Saturday, July 12, 2014

The Further Uncollected Stories of E. Phillips Oppenheim Stark HouseT

Ghosts & Gamblers

Here’s a rundown on what’s inside Ghosts & Gamblers: The Further Uncollected Stories of E. Phillips Oppenheim, edited and introduced here by Daniel Paul Morrison. . .
The Modern Prometheus.  This volume opens with the hard-to-find novella by Oppenheim, The Modern Prometheus.  It’s a rare book – second only to Amazing Judgment.
While this novella strikes many familiar Oppenheim themes—mistaken identity, romance, overcoming dismal poverty to win great wealth—what surprises me about this book is that it’s really about sex.
Oppenheim loved to write about romance.  Even his detective novels have plenty of romance.  But he was always rather bashful in writing about sex.  The hanky-panky happens off scene and nothing illicit is ever condoned.
But The Modern Prometheus is different.  In this book, the key to the drama – in addition to the struggle for wealth and power – is a single act of illicit sex.  And I’m not talking about a fleeting kiss on a balcony.  I’m talking about a brazen rendezvous at a posh hotel.  The main characters of this novella just rent a room and “do it,” as we say.  That seems tame to us these days.  But in 1898, when this work was published, such shenanigans would land you in jail.
In addition to the illicit sex, this work has a harder edge and a more cynical attitude than most of Oppenheim’s later novels.  Oppenheim was a wildly successful writer, in part, because he learned to give his readers what they wanted—diverting thrills nicely resolved in a happy ending.
But in The Modern Prometheus, we see Oppenheim in an earlier, rawer incarnation.  In this story, the characters get what they are looking for, but when they get it, it doesn’t look so pretty.  Published when he was 30 years old, The Modern Prometheus reveals a young novelist in search of his mature voice.
The Reluctant Gambler.  Andrew Tresholm is the protagonist in six terrific stories that seem like one-half of a would-be Oppenheim bestseller.  Rakish, wealthy, brave and incongruously moral, Tresholm amuses himself by getting mixed up in other people’s problems and doing them a good turn.
The Reluctant Gambler—the title’s ours, not Oppenheim’s—is an appealing collection of stories, not unlike Oppenheim’s Mr.

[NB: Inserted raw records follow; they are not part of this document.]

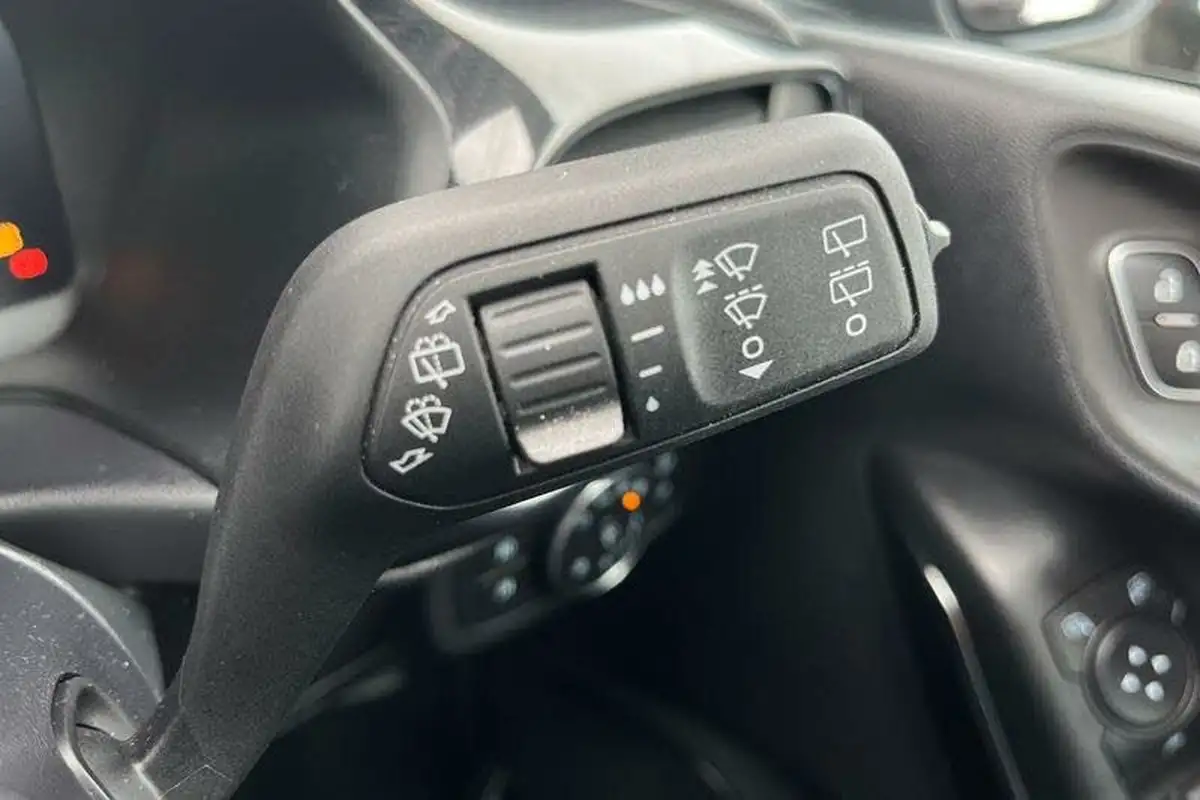 2023-ford-fiesta-big-14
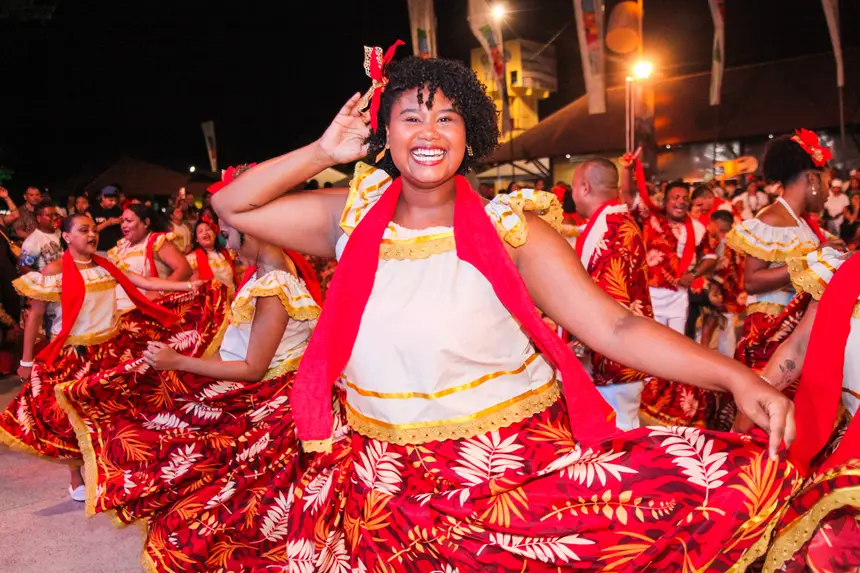 Grupos de batuque e marabaixo proporcionaram um espetáculo que encantou o público presente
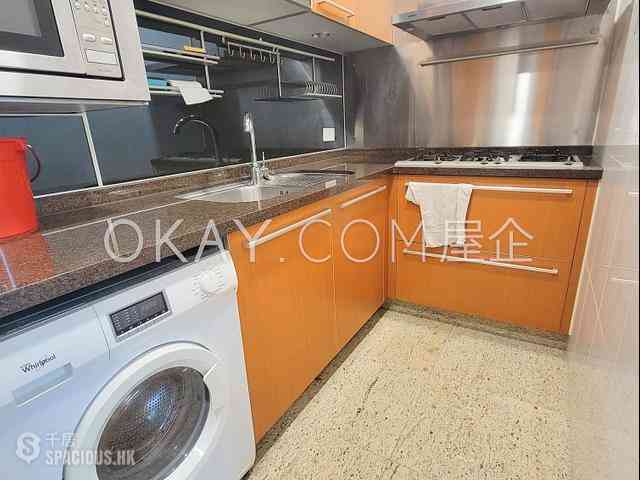 West Kowloon - The Arch Star Tower (Block 2) 02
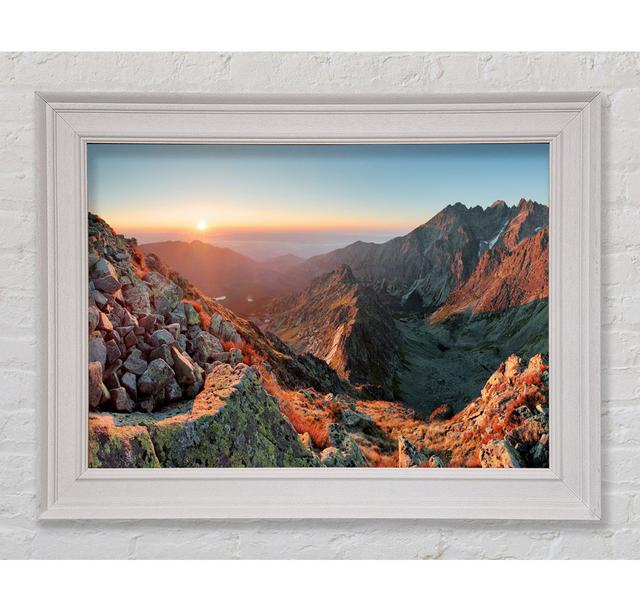 Single Picture Frame Art Prints Union Rustic Size: 59.7cm H x 84.1cm W on Productcaster.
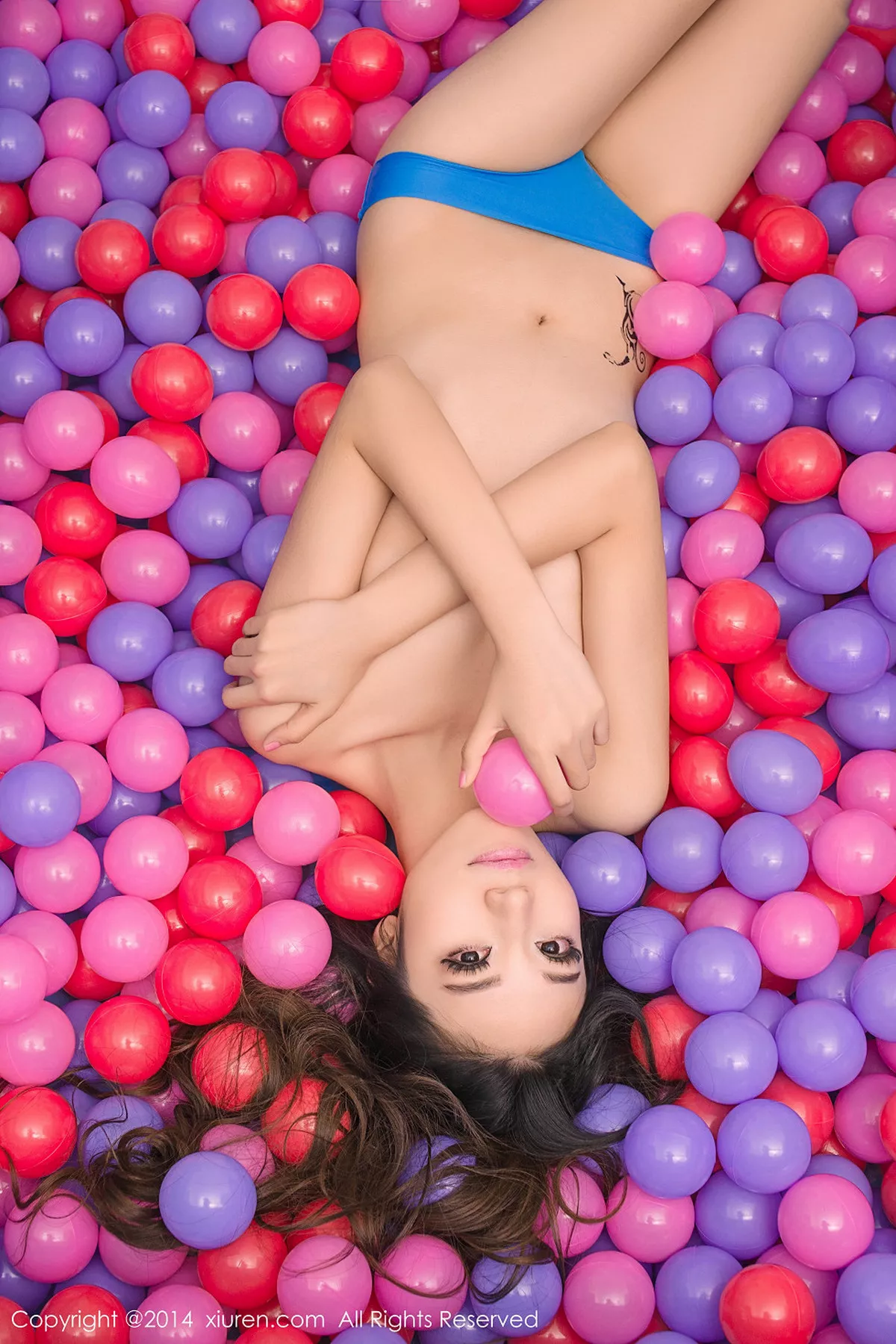 秀人集.com_[XiuRen秀人网]No.230_嫩模Cassie性感情趣睡裙大秀完美身材火辣诱惑写真51P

Laxworthy’s Adventures or The Amazing Partnership.  Oppenheim published 37 short story collections, most center or a single character or group of characters.  Typically, these volumes had 10 or 12 stories and it seems like these stories about Andrew Tresholm were on their way to becoming another hardcover collection.
What prevented Oppenheim from finishing another six Tresholm stories I’ve never been able to find out.  Whatever the case, these stories are among my favorites.
An Oppenheim Sampler Dozen.  In the twenty-year between 1896 and 1916, Oppenheim was busy establishing his reputation as a writer.  Espionage, detection, adventure, mystery, romance, supernatural – Oppenheim wrote it all.
And here you’ll find a dozen doozies.
“Darton’s Great Picture” and “The Reformation of Circe” are ambitions stories, both originally published with the fitting subtitle, “A Novel in a Nutshell.”  Curiously, the characters in “Darton’s Great Picture” show up again in “Darton’s Successor,” a story collected in Those Other Days, and “A Sprig of Heather,” a story in For the Queen.
A pair of espionage stories, “The Little Grey Lady” and “The Two Ambassadors,” pit the young Ronald Stourton, a junior Foreign Service officer, against his charming black-sheep uncle-in-law, a freelance spy and master of disguise.
Oppenheim sold lots of books to women, but early in his career, he also catered to men and boys. Three he-man action-adventure stories appear in this collection: “The Lord of Crersa,” “One Shall be Taken,” and “A Strange Conspiracy.”
As he matured, Oppenheim’s writing acquired a sense of humor. “The Girl from Manchester,” “The Storming of Eve,” “A Lesson for Mr. Cutts,” and “And Mr. Baggs was only Twenty-Three!” are all romantic comedies with a dash of detection and adventure and a heap of social commentary.
Finally, “The Road to Liberty” takes up a theme often presented by Oppenheim: a poor, but noble Continental girl rescued from difficult circumstances by a wealthy, adventuresome Brit.  Love, for Oppenheim, is always the reward for noble deeds.
Autobiographical Pieces.  In addition to his endless stream of fiction, Oppenheim wrote lots of nonfiction articles for both newspapers and magazines.  “My Books and Myself” appeared in the New York Times Review of Books and is a handy self-description of his writing methods circa 1922.  His American publisher, Little Brown, issued a reprint of the piece.
Oppenheim’s “Address to the Boys of Wyggeston School” is a 1926 commencement speech given by the so-so scholar returned to his alma mater as a conquering hero in the literary game.